Results:  TAOP had a significant positive correlation with age at onset of schizophrenia (P = 0.013), a negative correlation with the PANSS negative subscale scores (P = 0.008), a negative correlation with the PANSS total scores (P < 0.001), and a significant negative correlation with BPRS scores (P = 0.001). OSI had a significant negative correlation with age at onset (P = 0.046) and a significant positive correlation with PANSS negative subscale (P = 0.015). A multiple regression model indicated a significant linear combination of age, gender, duration of illness, subtype of schizophrenia, and PANSS scores, in which only the subtype of schizophrenia made a statistically significant contribution to predicting mean OSI (F[5,35] = 2.44, P = 0.04).

Conclusion:  Several parameters in the pathogenesis of schizophrenia, such as age of onset, level of negative symptoms, and subtype of illness, but not the presence of the illness itself, are associated with the level of oxidative stress.

THERE IS GROWING evidence that an excessive free radical production or oxidative stress may be implied in the pathogenesis of schizophrenia.1–9 It was previously reported that oxidative stress, along with direct tissue damage, augments glutamate excitotoxicity and stimulates apoptosis by mitochondrial damage.9,10 These processes are not independent and proceed concurrently.
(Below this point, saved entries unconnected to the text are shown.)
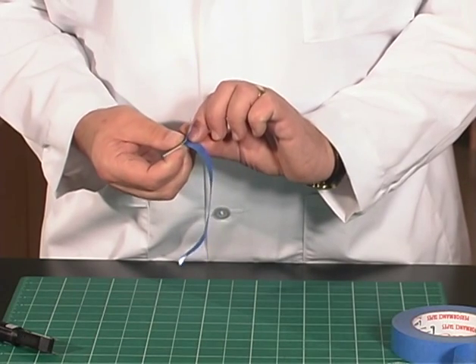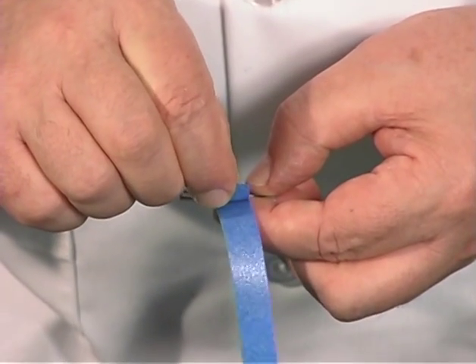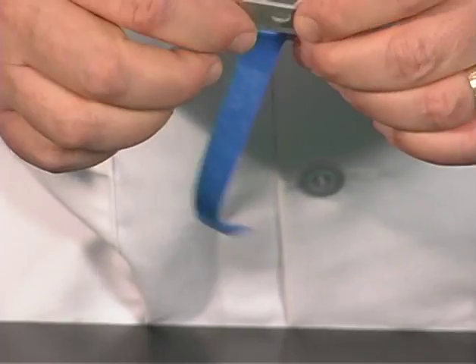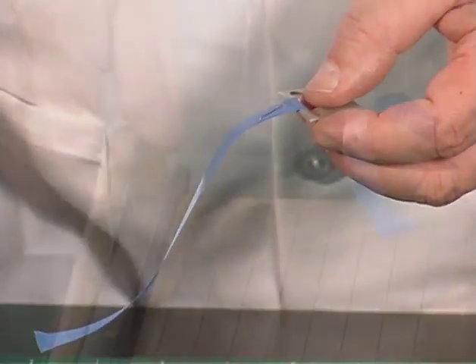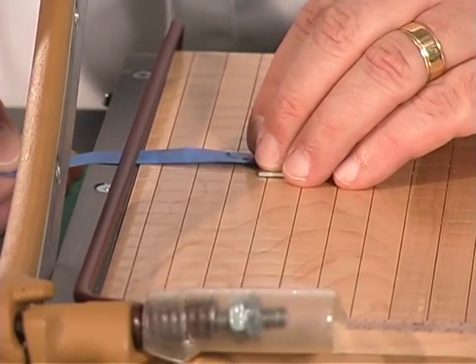Carefully wrap one end of the specimen around a clamp, making sure it's in the center, and secure the sample with a stapler. Cut off the excess tape so that the specimen is approximately 50 millimeters long.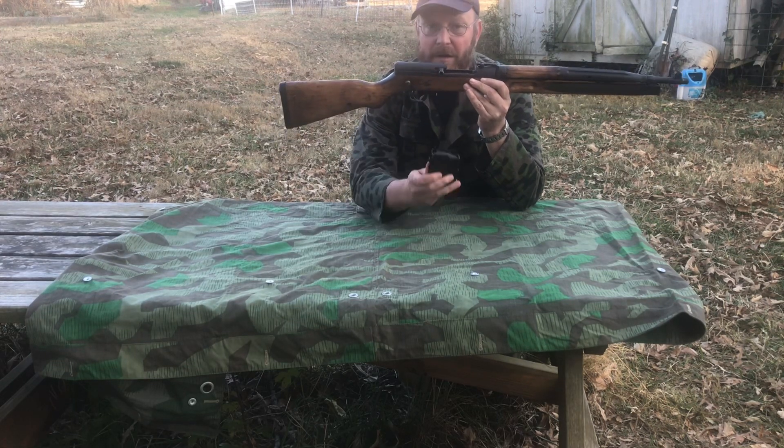Let's see what the reset is like on this. It's not resetting on me. So when I'm manually cocking this gun, the trigger is back — interesting, never noticed that before.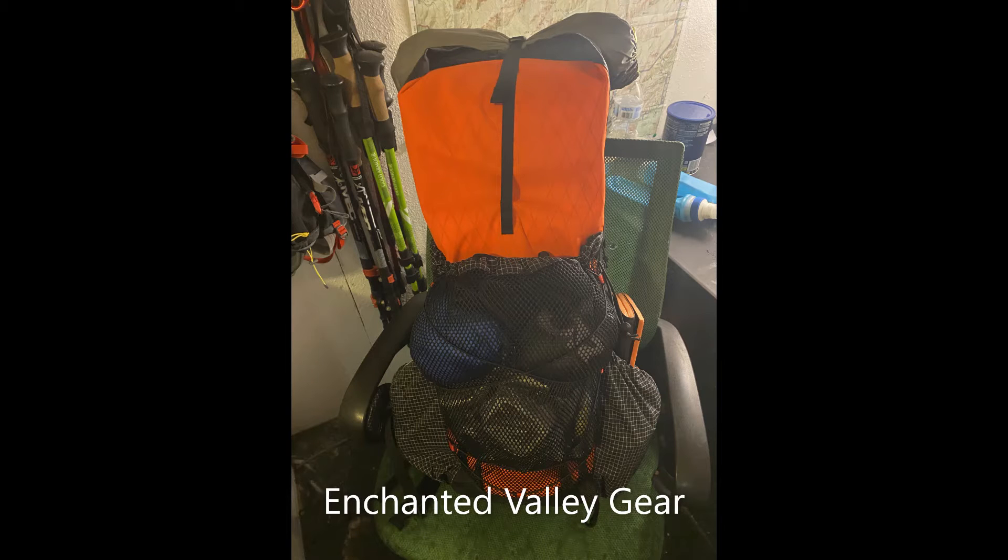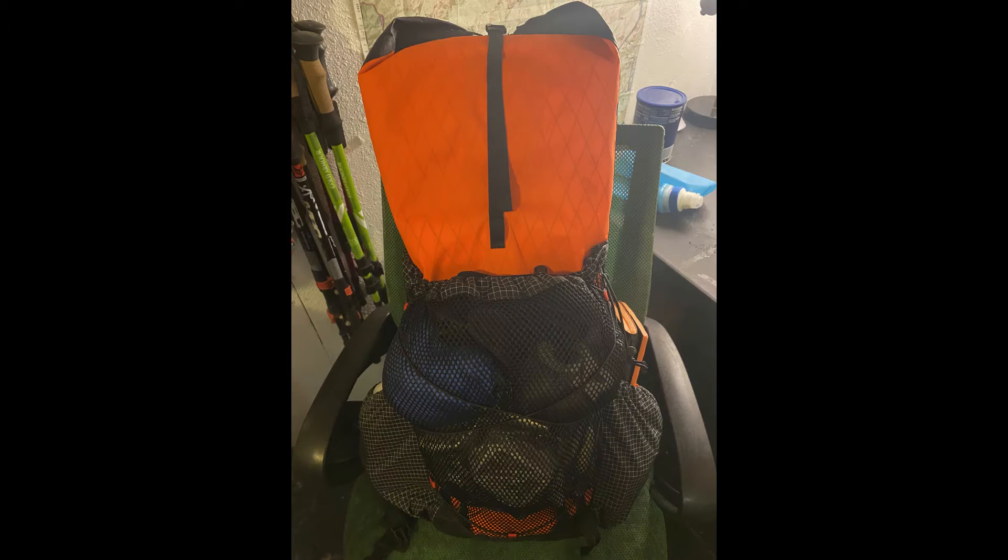Hi guys, I thought I'd go over the gear I'm bringing with me on the Enchanted Valley hike. This is my whole loadout right here, complete. This is with the Helinox chair and this is without the Helinox chair. I haven't really decided whether I'm going to bring it or not. It's a pound, so it's a pound difference.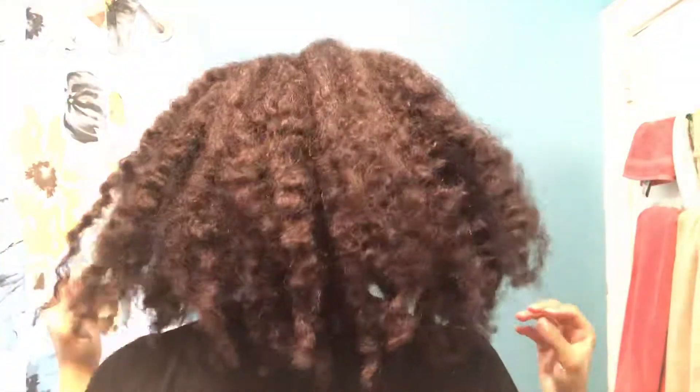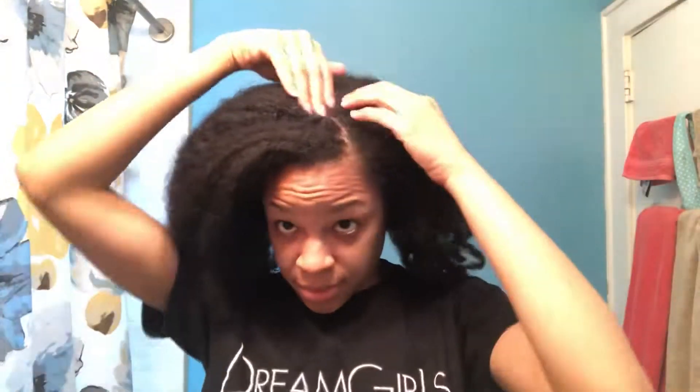Now that I'm home I'm going to spray some water all throughout my hair and then I'll begin re-braiding in large sections. A little tip: when you're braiding in large sections, you'll want to start twisting near the very end so that it's easier to unravel your hair.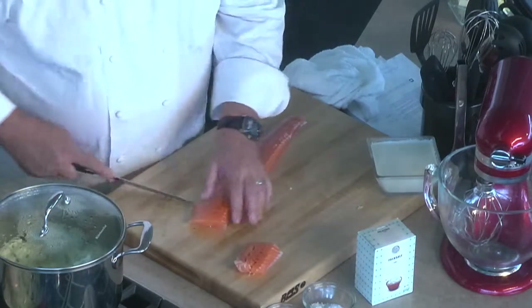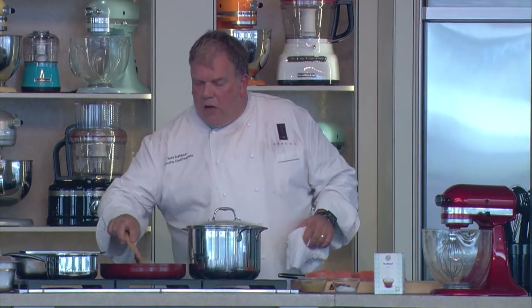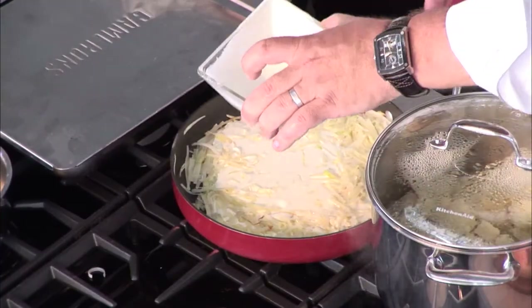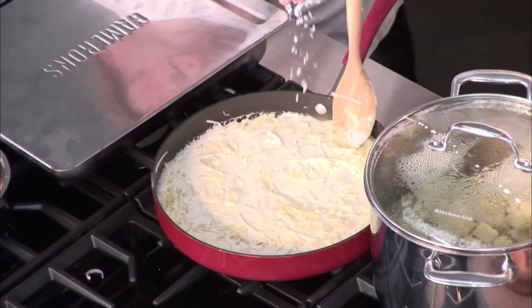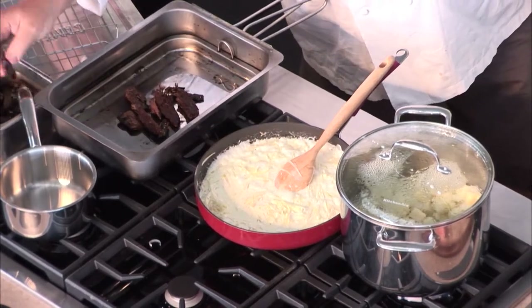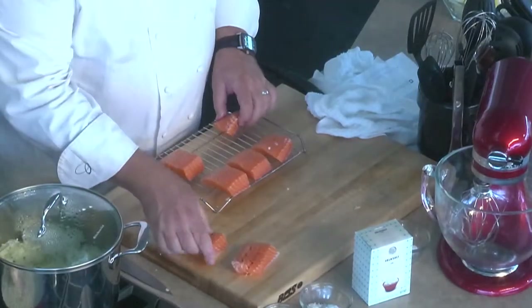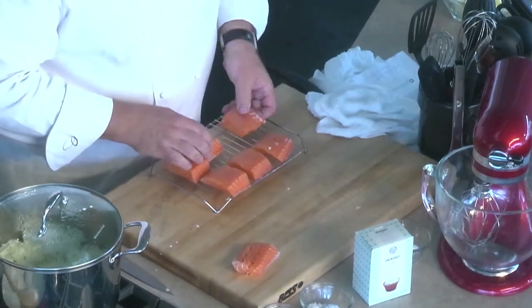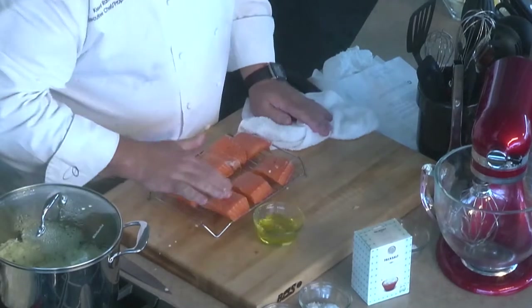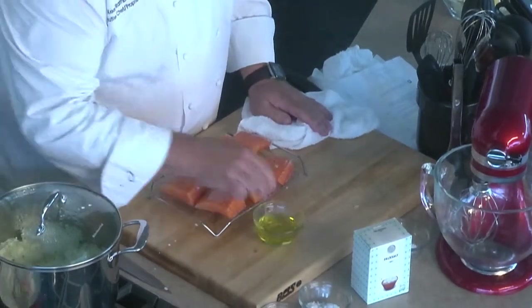These are about four ounces each. Our leek butter is starting to get some color on it, so now we're going to add just a little cream in here. We're going to salt this just a little bit. I'm going to take our smoker here — we've got some cedar chips that have been soaking in water. We're going to lay the salmon on the rack and rub the fish with a little bit of olive oil.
Studies investigating the effect of free radicals in schizophrenia patients have primarily focused on superoxide dismutase (SOD), catalase (CAT), and glutathione peroxidase (GSH-Px) enzyme systems. The levels of SOD have consistently been found to be high in chronic schizophrenia patients11–14 and to be low in neuroleptic-naive, first-episode schizophrenia patients.15 The use of antioxidants, such as vitamins,9,16 extract of Ginkgo biloba,17,18 and essential polyunsaturated fatty acids19,20 have been found to improve some of the psychopathological symptoms of schizophrenia. These findings provide further evidence that free radicals may be involved in the psychopathology of schizophrenia.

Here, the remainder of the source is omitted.